Relator da Comissão Especial formada pela Assembleia Legislativa (ALMG) para analisar a Proposta de Emenda à Constituição (PEC) que retira a necessidade de referendo para privatizar a Companhia de Saneamento de Minas Gerais (Copasa), o deputado Gustavo Valadares (PSD) é contra a inclusão da Companhia de Gás de Minas Gerais (Gasmig) na regra que elimina a consulta popular. A posição de Valadares consta em parecer produzido nesta segunda-feira (6).

“Entendemos, à luz dos argumentos delineados neste parecer, que o debate se vê suficientemente maduro tão somente para a federalização ou a desestatização de empresas prestadoras de saneamento básico”, lê-se no trecho destinado à Gasmig no relatório de Valadares.

Com a decisão, o parlamentar rejeitou a anexação, à PEC da Copasa, de uma proposta similar que tratava da Gasmig. O texto a respeito da Companhia de Gás chegou a ser apensado durante a tramitação da proposição da Companhia de Saneamento na Comissão de Constituição e Justiça (CCJ) da Assembleia.

Justificativas para o fim do referendo

Conforme já mostrou O Fator, o relatório de Valadares sobre a PEC da Copasa propõe a análise da matéria na forma de um substitutivo. A versão defendida pelo deputado do PSD mantém a vinculação dos recursos ao pagamento da dívida mineira com a União, mas permite que o dinheiro seja aplicado em mecanismos de contrapartida ao refinanciamento.

A permissão, na prática, serve para a aplicação de recursos em políticas de infraestrutura previstas nos termos do Programa de Pleno Pagamento das Dívidas dos Estados (Propag)

De acordo com as diretrizes do Propag, um percentual 0,5% e 2% do saldo devedor das unidades federativas precisa ser utilizado para bancar ações em áreas como segurança pública, infraestrutura e ensino profissionalizante.

Ao defender a eliminação do referendo popular, Valadares salienta que consultas ao eleitorado, em determinados casos, podem servir como “complemento interessante à decisão construída no âmbito representativo-oficial”. Na visão dele, contudo, não é o caso do debate a respeito dos rumos da Copasa. 

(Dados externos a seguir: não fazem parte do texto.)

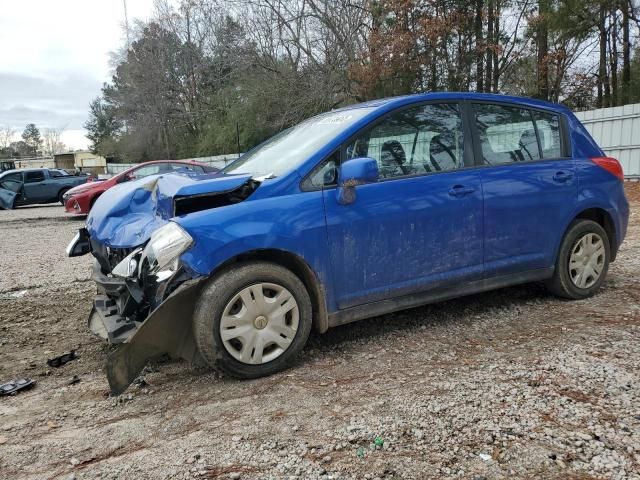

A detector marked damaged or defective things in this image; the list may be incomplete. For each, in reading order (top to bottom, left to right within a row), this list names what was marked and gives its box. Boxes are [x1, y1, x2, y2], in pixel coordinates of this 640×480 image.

crashed front end [69, 172, 258, 394]
damaged headlight [144, 221, 194, 274]
crumpled hood [85, 172, 255, 248]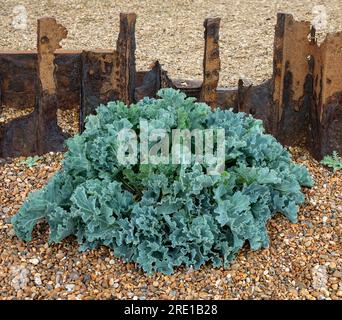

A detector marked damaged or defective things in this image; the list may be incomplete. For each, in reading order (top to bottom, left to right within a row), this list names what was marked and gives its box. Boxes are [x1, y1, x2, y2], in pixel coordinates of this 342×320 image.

rusted metal post [199, 17, 220, 109]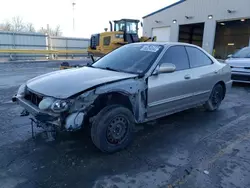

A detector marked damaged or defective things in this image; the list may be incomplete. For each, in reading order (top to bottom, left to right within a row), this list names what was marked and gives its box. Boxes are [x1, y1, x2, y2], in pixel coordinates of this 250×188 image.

crumpled hood [26, 66, 138, 98]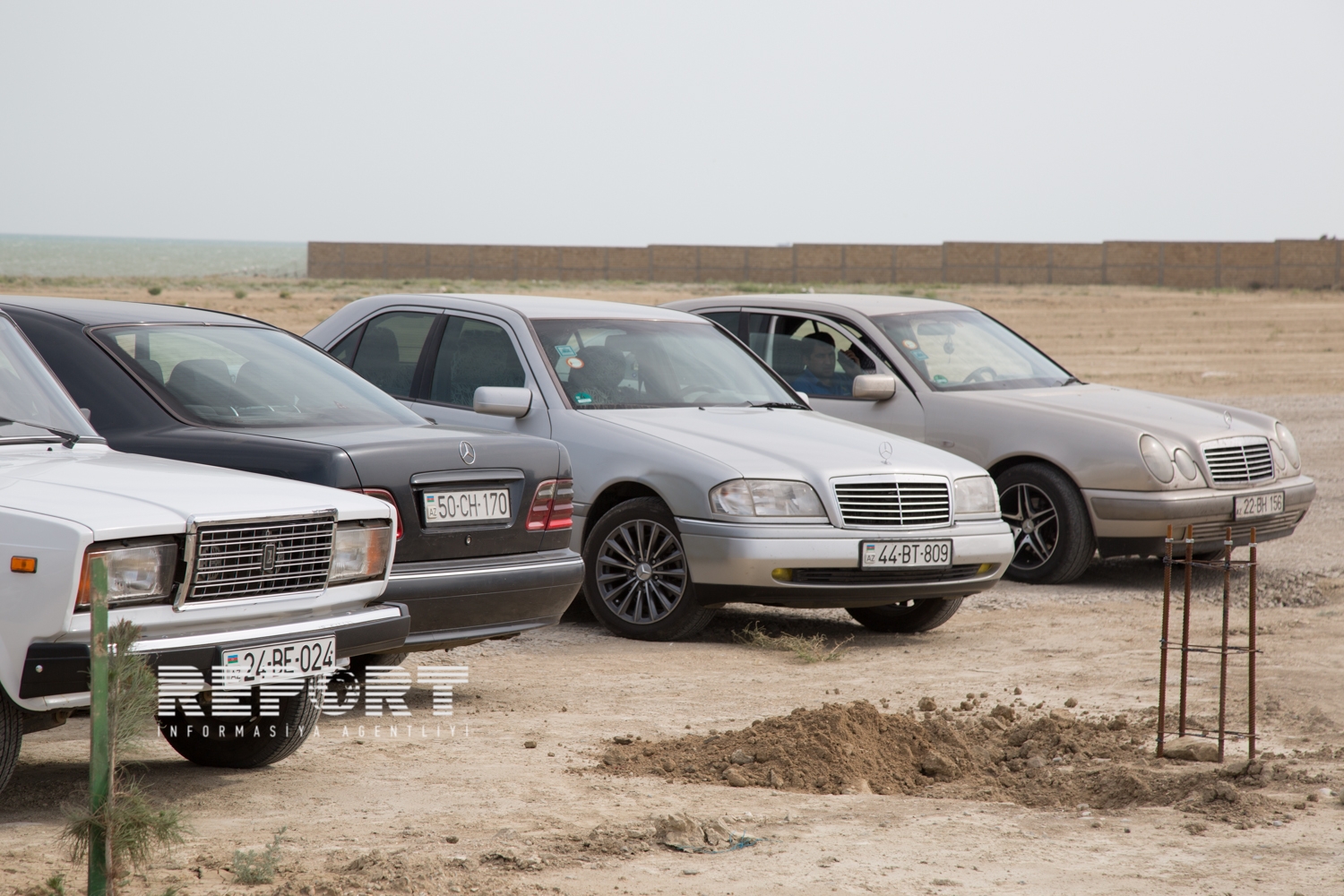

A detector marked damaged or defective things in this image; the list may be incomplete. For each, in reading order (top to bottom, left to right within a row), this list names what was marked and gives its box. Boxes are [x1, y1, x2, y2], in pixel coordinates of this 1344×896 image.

rusty rebar stake [1177, 526, 1199, 736]
rusty rebar stake [1215, 526, 1231, 762]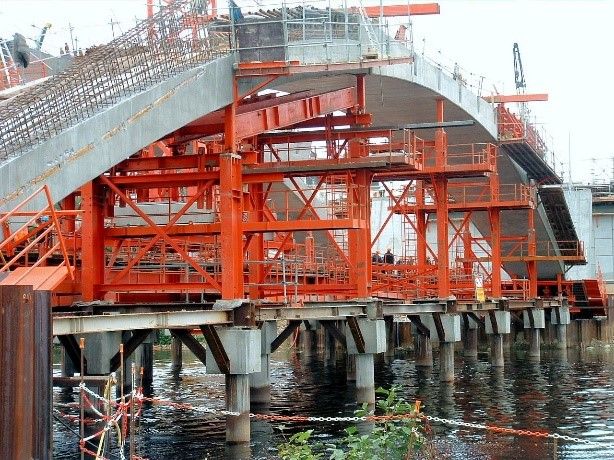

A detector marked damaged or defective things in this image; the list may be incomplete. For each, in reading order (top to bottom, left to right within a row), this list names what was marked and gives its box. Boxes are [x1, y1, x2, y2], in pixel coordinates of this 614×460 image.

rusty steel sheet pile wall [0, 0, 229, 163]
rusty steel sheet pile wall [0, 286, 51, 460]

“Está claro para nós que o debate sobre a federalização ou a desestatização da Copasa e da Copanor não corresponde a uma dessas situações pelas seguintes razões: a construção e a justificação de uma decisão sobre tal matéria exigem uma visão sistêmica, própria às instituições de representação popular, sobre as finanças do Estado e os desafios para a universalização do saneamento básico; existe a percepção, tanto por parte do governo estadual quanto no âmbito desta Assembleia Legislativa, de que a sociedade se vê há muitos anos insatisfeita com os serviços prestados pela Copasa e pela Copanor, não em virtude de problemas solucionáveis no campo gerencial, mas por conta de entraves estruturais, de longa data, contra os quais o Estado, muito endividado, não consegue oferecer respostas adequadas”, pontua.

“Mesmo após a retirada da exigência de referendo, a decisão sobre federalizar ou desestatizar as referidas empresas continuará dependendo de um amplo, profundo e difícil debate, haja vista a permanência do quórum especial de três quintos dos membros desta Assembleia, o mesmo quórum exigido para aprovar uma emenda à Constituição”, completa.